__Records shown__:
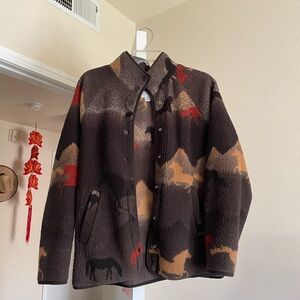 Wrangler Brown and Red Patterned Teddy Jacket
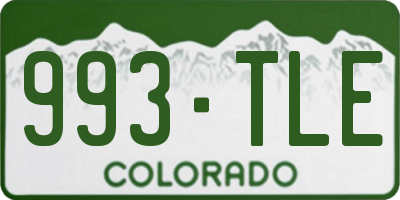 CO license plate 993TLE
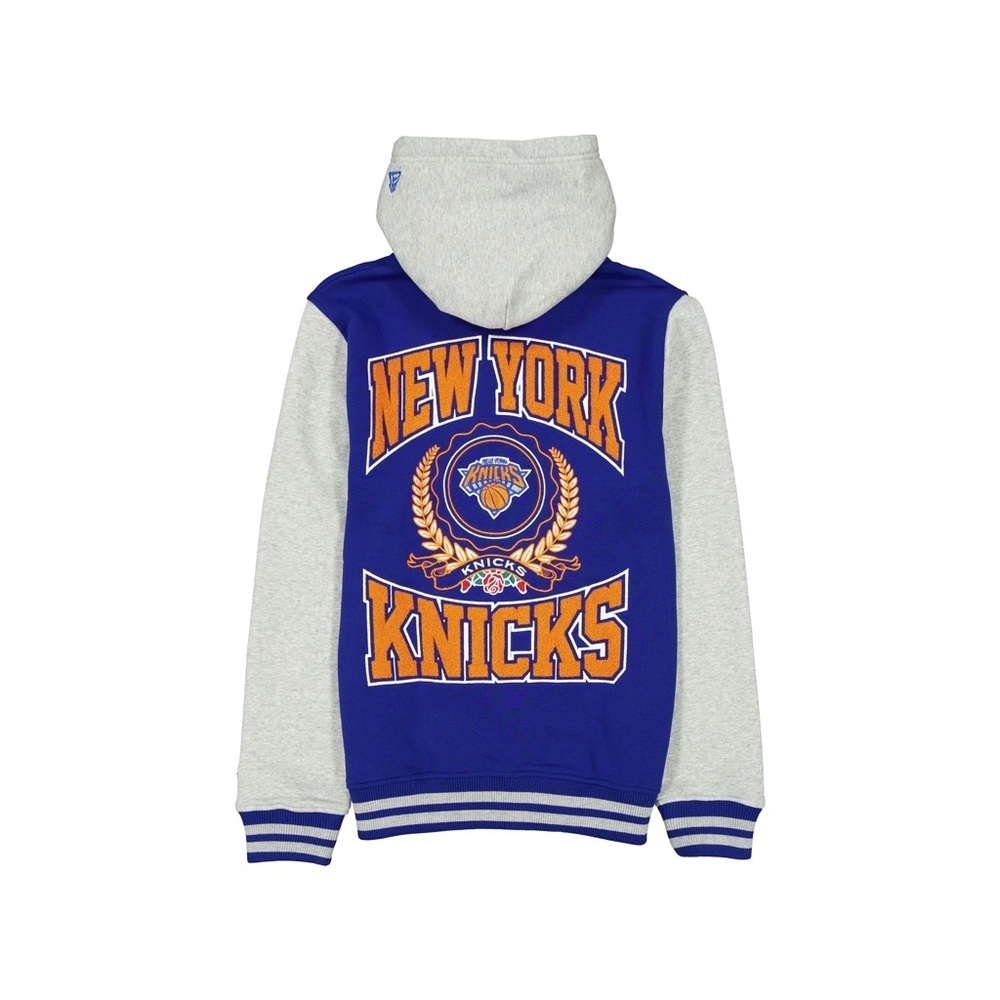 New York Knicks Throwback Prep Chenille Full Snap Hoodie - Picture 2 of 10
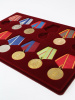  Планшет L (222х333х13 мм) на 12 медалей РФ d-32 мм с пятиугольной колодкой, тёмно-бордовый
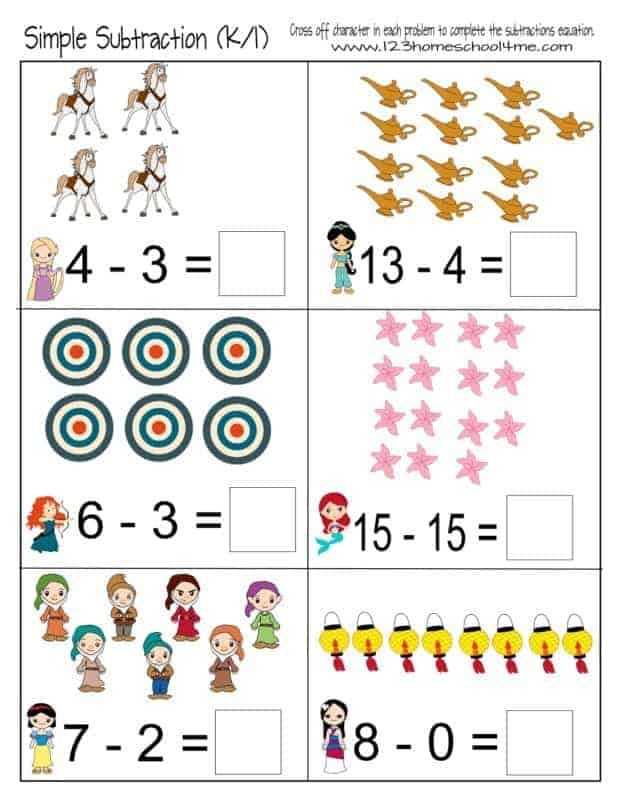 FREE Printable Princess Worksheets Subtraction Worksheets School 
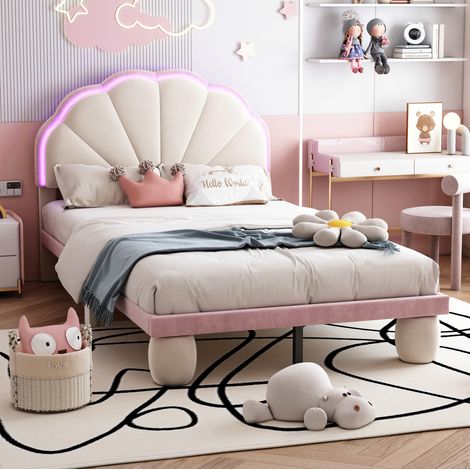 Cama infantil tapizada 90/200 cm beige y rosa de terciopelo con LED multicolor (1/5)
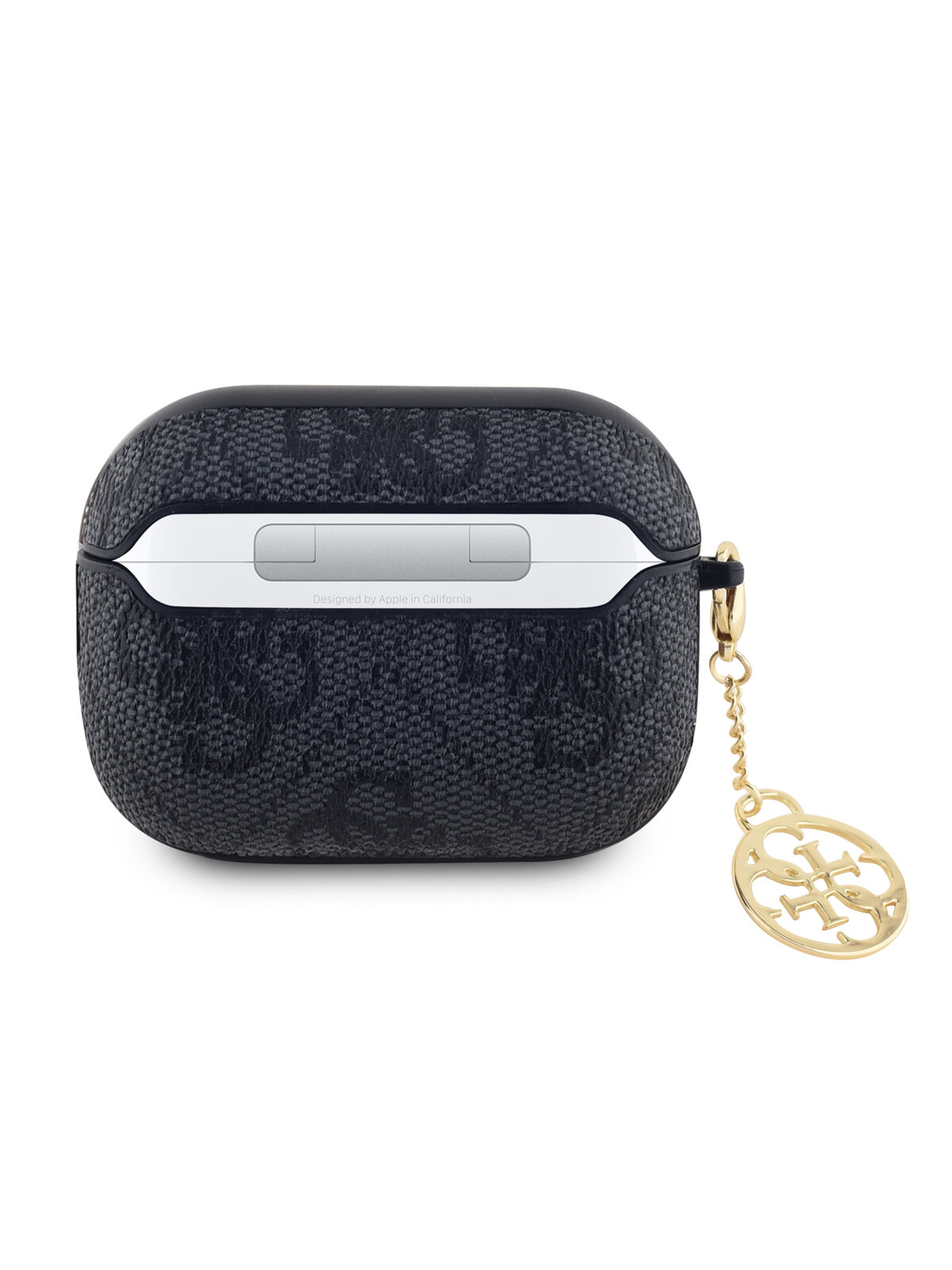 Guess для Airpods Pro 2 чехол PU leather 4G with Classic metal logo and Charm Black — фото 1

__Work request__: Please transcribe exactly the lines from the one containing "FREE Printable Princess" through the last line of the records above, both included, and leave out every picture.

__Answer for this exercise__:
 FREE Printable Princess Worksheets Subtraction Worksheets School 
 Cama infantil tapizada 90/200 cm beige y rosa de terciopelo con LED multicolor (1/5)
 Guess для Airpods Pro 2 чехол PU leather 4G with Classic metal logo and Charm Black — фото 1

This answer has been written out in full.